Questa impostazione è forse troppo riduttiva ed in buona parte miope.
Il dato di fondo che sfugge a questo approccio è che il GDPR rappresenta un’opportunità: è un concreto insieme di misure atte a contenere il cyber risk. L’attuazione dell’impianto di norme del GDPR può rappresentare, infatti, un “viatico” affinché il singolo operatore costruisca, o rafforzi, i propri presidi in tema di cyber security.
Quella di un attacco informatico su larga scala è ormai notizia quotidiana; il cyber risk – stando alla classifica stilata dal World Economic Forum – è ritenuto secondo solo al rischio climatico.
Vi è tuttavia meno consapevolezza (e da qui forse il frettoloso approccio di cui in premessa) rispetto:
- All’effettivo livello di esposizione a questo rischio (sottostimato);
- Alle responsabilità che un attacco cyber comporta in capo all’operatore economico. Una violazione che intacchi anche i dati personali è valutata negli ambiti della responsabilità semi-oggettiva ed opera anche a prescindere dalla colpa lieve del singolo titolare del trattamento;
- Alle conseguenze in termini di danni economici, quali ad esempio la responsabilità verso terzi, nonché quelli da business interruption.
È in questa realtà che il GDPR deve essere contestualizzato: dare esecuzione alle sue disposizioni non solo è obbligatorio, ma è l’opportunità alla quale sopra abbiamo accennato.
Il punto chiave per cogliere la dirompenza di questa occasione risiede nel principio di responsabilizzazione (c.d. accountability) che governa l’impianto del GDPR. Titolare e responsabile del trattamento devono adottare comportamenti proattivi, decidendo le modalità di conservazione, le garanzie ed i limiti del trattamento. Questo principio si attua poi attraverso tre concorrenti criteri.
- Il primo è quello c.d. “data protection by design”. Preliminarmente all’inizio del trattamento è fatto obbligo al titolare di configurare le garanzie indispensabili per tutelare i diritti degli interessati, avendo presente il contesto nel quale il trattamento si colloca; la progettazione preliminare deve contemplare misure specifiche e soprattutto dimostrabili.
- Il secondo criterio è definito (cfr. consideranda 75-79) “rischio inerente il trattamento”: sempre prima del trattamento, deve essere quantificato il rischio di impatti negativi sui dati, tenendo conto:
- Della tipologia dei dati trattati;
- Dei rischi noti o evidenziabili;
- Delle misure tecniche ed organizzative.

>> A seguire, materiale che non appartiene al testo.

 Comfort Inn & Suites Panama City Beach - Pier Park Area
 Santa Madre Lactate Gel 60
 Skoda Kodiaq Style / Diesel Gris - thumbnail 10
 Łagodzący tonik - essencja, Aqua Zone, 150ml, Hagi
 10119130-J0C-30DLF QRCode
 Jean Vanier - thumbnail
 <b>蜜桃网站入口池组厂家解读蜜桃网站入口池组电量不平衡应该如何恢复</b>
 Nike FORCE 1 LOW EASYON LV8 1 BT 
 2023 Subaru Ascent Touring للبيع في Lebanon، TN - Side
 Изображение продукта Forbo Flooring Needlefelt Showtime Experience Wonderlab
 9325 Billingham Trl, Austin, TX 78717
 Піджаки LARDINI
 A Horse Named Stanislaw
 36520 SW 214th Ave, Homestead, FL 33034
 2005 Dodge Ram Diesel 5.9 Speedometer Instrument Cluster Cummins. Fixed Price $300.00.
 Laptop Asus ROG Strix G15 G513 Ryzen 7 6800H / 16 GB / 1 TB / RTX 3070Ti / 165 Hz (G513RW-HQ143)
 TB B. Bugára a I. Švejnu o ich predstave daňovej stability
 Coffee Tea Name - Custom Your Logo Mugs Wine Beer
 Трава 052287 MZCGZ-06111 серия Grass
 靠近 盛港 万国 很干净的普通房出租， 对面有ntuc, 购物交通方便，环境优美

- In via concorrente a questi criteri, deve poi trovare applicazione quello della c.d. “data protection by default”: il trattamento dati deve essere progettato prevedendo la minimizzazione (non eccessività) dei dati da raccogliere, confinando la loro raccolta a precise finalità e la loro conservazione al solo lasso temporale necessario al loro trattamento.
L’operativa interazione di questi tre criteri si sostanzia poi nell’adozione di specifici strumenti operativi, tra i quali sono individuati come imprescindibili:
- La valutazione di impatto del trattamento (la c.d. “D.P.I.A.”): si tratta del documento ricognitivo della valutazione del rischio ed è predisposto alla luce della tipologia di assetto aziendale e dati trattati (questo strumento sostituisce quello della “notifica preliminare” ex art. 17 Codice Privacy). L’adozione della D.P.I.A. è obbligatoria nella misura in cui il trattamento
- presenti un elevato rischio per i diritti delle persone;
- comporti attività di profilazione;
- abbia ad oggetto dati sensibili e giudiziari;
- si sostanzi in attività sistematiche di videosorveglianza.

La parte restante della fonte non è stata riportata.